Hillary vs Elvis 2016
Does Clinton believe Presley to have been a "deplorable?"
Singer Mary J. Blige's musical successes were commercial and era-bound in nature; she neither turned new creative soil nor was particularly interesting in her revisiting of cliches.
She did, though, slur her artistic superior. In 1997, Blige lied bold-facedly about the late Elvis Presley, deriding him without foundation as "racist."
The otherwise irrelevant Blige is a minor player in current political news. She is making quite the loud spectacle of herself on behalf of Hillary Clinton.

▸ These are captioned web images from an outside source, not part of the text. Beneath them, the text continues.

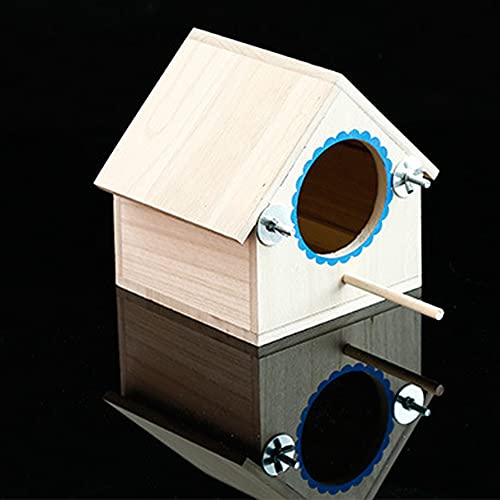 KIMISS Hanging Pine Bird für Fütterungsstation - Gemütliches Holzvogelhaus mit Starkem Lanyard und Einzigartigem Design (Blue) von KIMISS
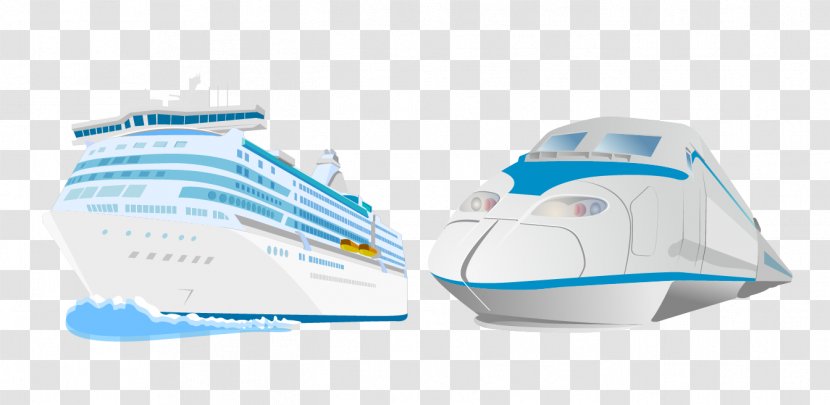 Cruise Ship - Blue - Vector Transparent PNG
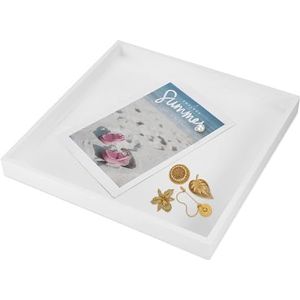 Multifunctionele Witte Houten Dienblad, Desktop Opbergdoos, Valet Dienblad met vierkante vorm, Juwelenschotel voor voedsel voor juwelen voedsel cosmetica, 7,9 x 7,9 inch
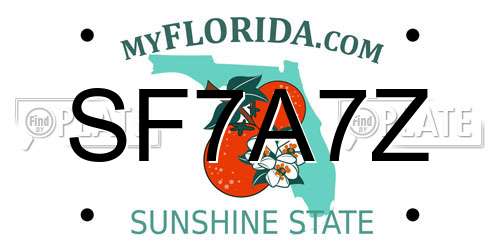 SF7A7Z Florida License Plate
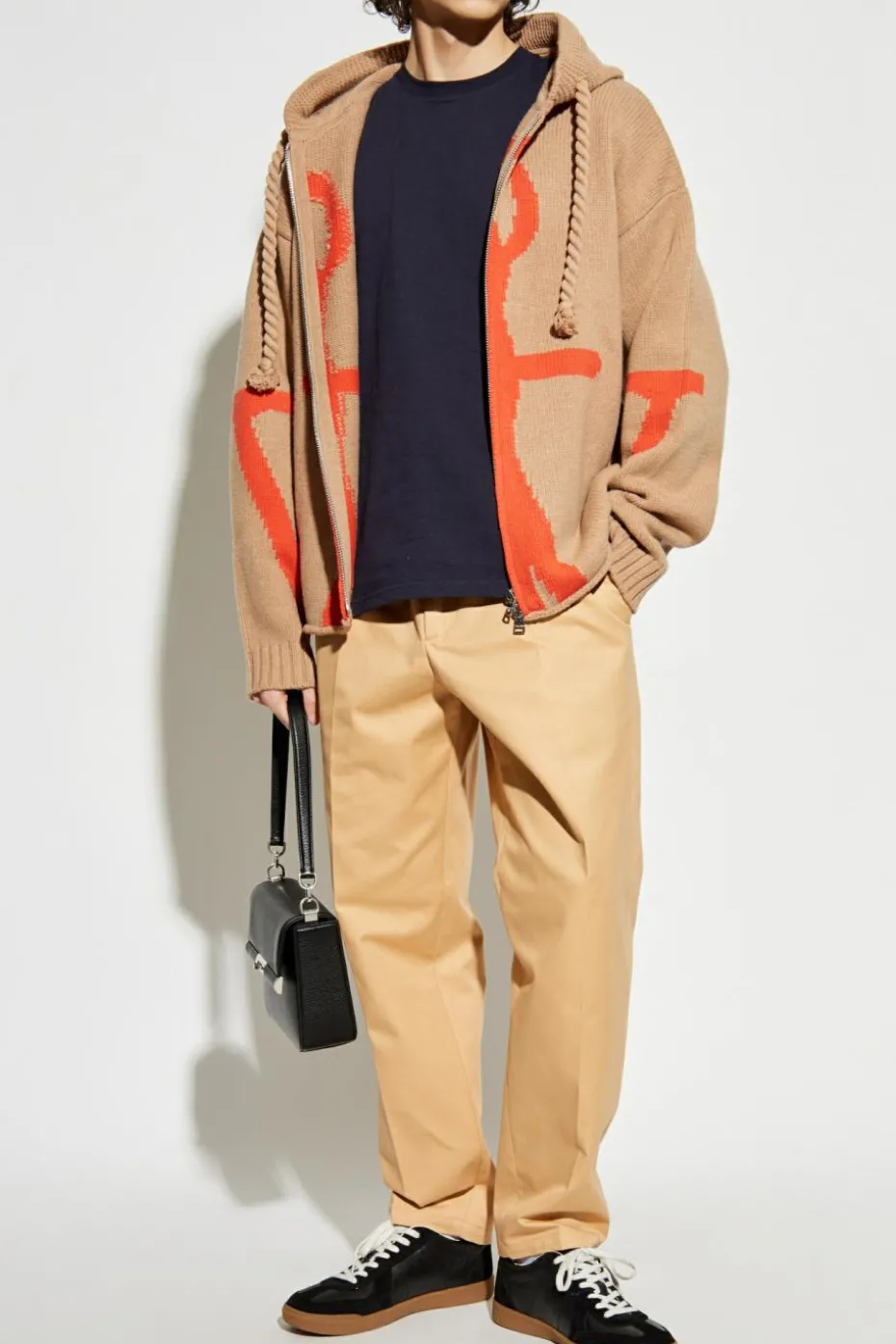 JIL SANDER beżowy Bawełniane spodnie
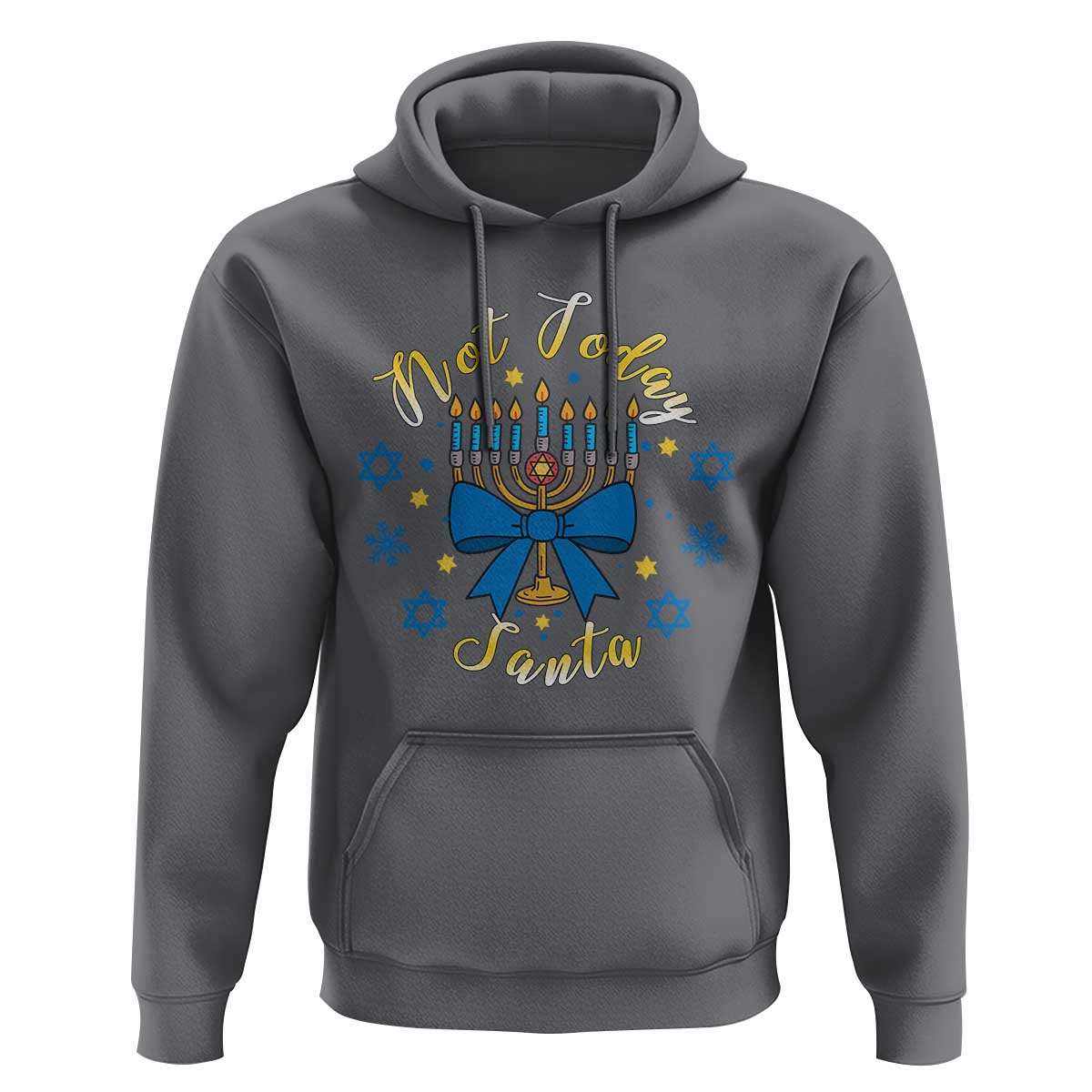 Coquette Hanukkah Menorah Bow Hoodie Not Today Santa Jewish Holiday Gift - Wonder Print Shop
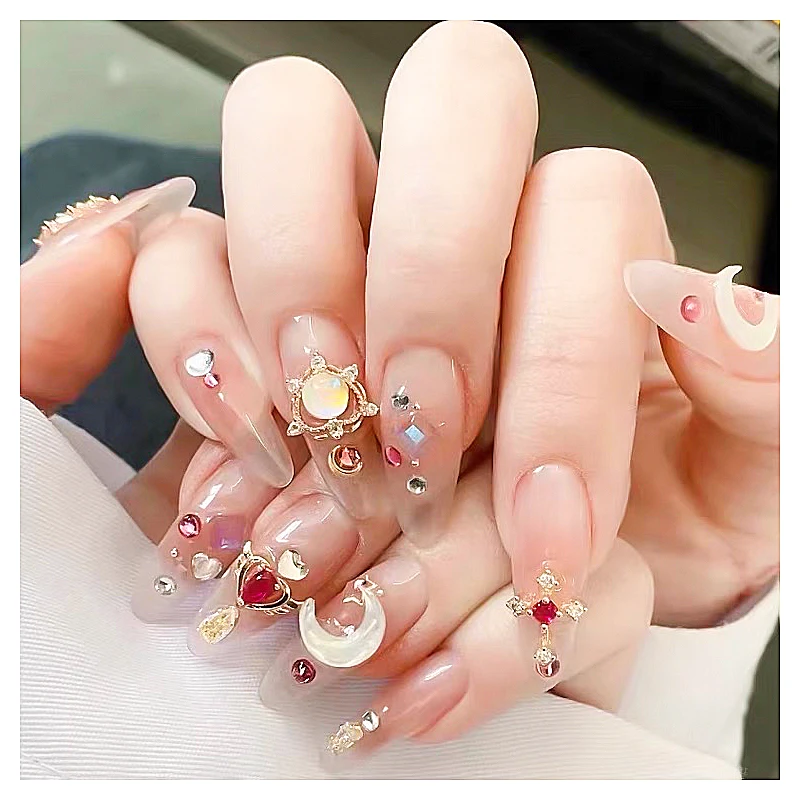 10 pçs marinheiro lua manicure liga brilhante colorido diamante decoração de unhas linda menina guerreiro metal acessório da arte do prego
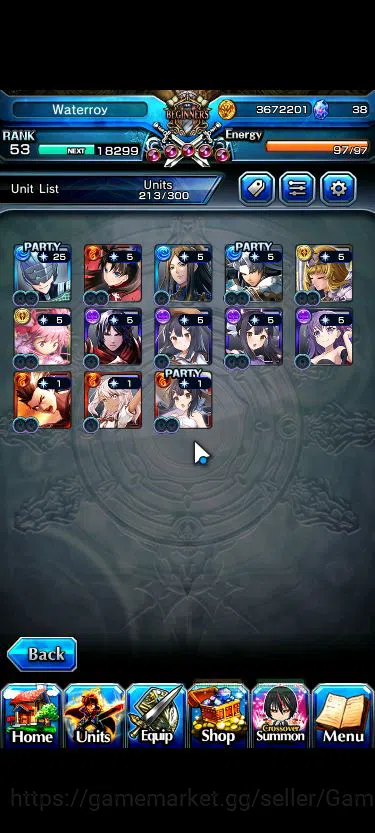 Grand Summoners Accounts Mid-Game Global|Rank 53|127 CC+13 Ascend|Inumuta+TW,Kaname+TW,Roy,S 4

In a simply tilted video interview spot soon to run online, Blige sings questions to Clinton. The candidate wears a pained, 'why in the hell did I agree to this?' expression, the same one she sported during her recent Between Two Ferns appearance.
My guess is that some millennial vote-hunting campaign functionary was later disciplined roundly.
But Hillary's opportunistic embrace of Elvis-hater Blige neatly illustrates a larger reality about her campaign, as well as of an evolving foul and nonsensical cultural trend. In this addled movement, everything established, successful, reasonable, and traditional is to be reviled and plowed under.
There is no distinction recognized between positives and negatives. By virtue of vintage, all are equally opprobrious.
To have enjoyed previous cultural cache, goes the fury-brained half-thinking, is to be (pick one or more) racist, sexist, xenophobic, homophobic, etc. And, hence, the despised enemy to be strangled by the marching, sign-hefting forces of goodness.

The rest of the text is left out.